Afghanistan next month will begin its first countrywide anti-polio vaccination campaign in years, with full support from the country's Taliban rulers, the United Nations said on October 18.

The United Nations' health and children's agencies said the campaign to vaccinate against the crippling and potentially fatal disease would begin on November 8.

"WHO and UNICEF welcome the decision by the Taliban leadership supporting the resumption of house-to-house polio vaccination across Afghanistan," they said in a statement.

The two agencies said the UN had been in contact with the group's senior leadership since the Taliban swept back into power two months ago.

"The Taliban leadership has expressed their commitment for the inclusion of female frontline workers," the statement said.

The inoculation campaign "will be the first in over three years to reach all children in Afghanistan, including more than 3.3 million children in some parts of the country who have previously remained inaccessible to vaccination campaigns," it said.

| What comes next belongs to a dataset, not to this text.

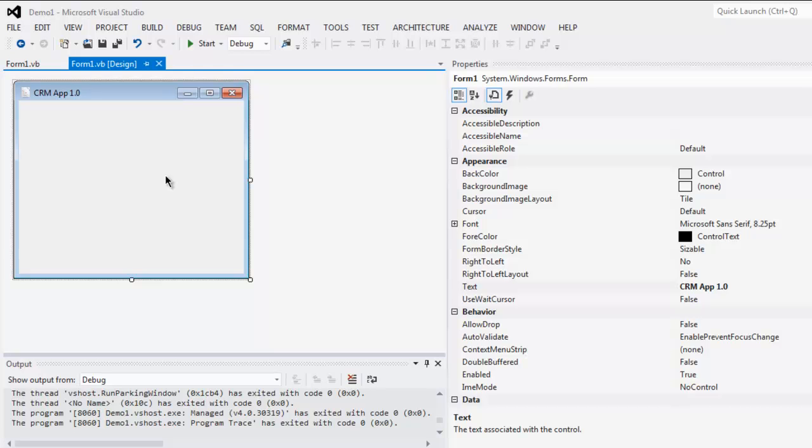Hi there, in this video I'm going to show you how to use text box control in VB.NET Windows Form application project.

The militant group's leadership had also committed to "providing security and assuring the safety of all health workers across the country, which is an essential prerequisite for the implementation of polio vaccination campaigns," the agencies said.

The Taliban's position marks a noticeable departure from its stance during the militants' two-decade war against the now-deposed Western-backed government. The group's leaders often told communities in areas they controlled that vaccines were a Western conspiracy aimed at sterilizing Muslim children.

A separate nationwide polio vaccination campaign is planned in neighboring Pakistan in December, the two UN agencies said.

Afghanistan and Pakistan are the only countries where the wild version of the poliovirus continues to spread.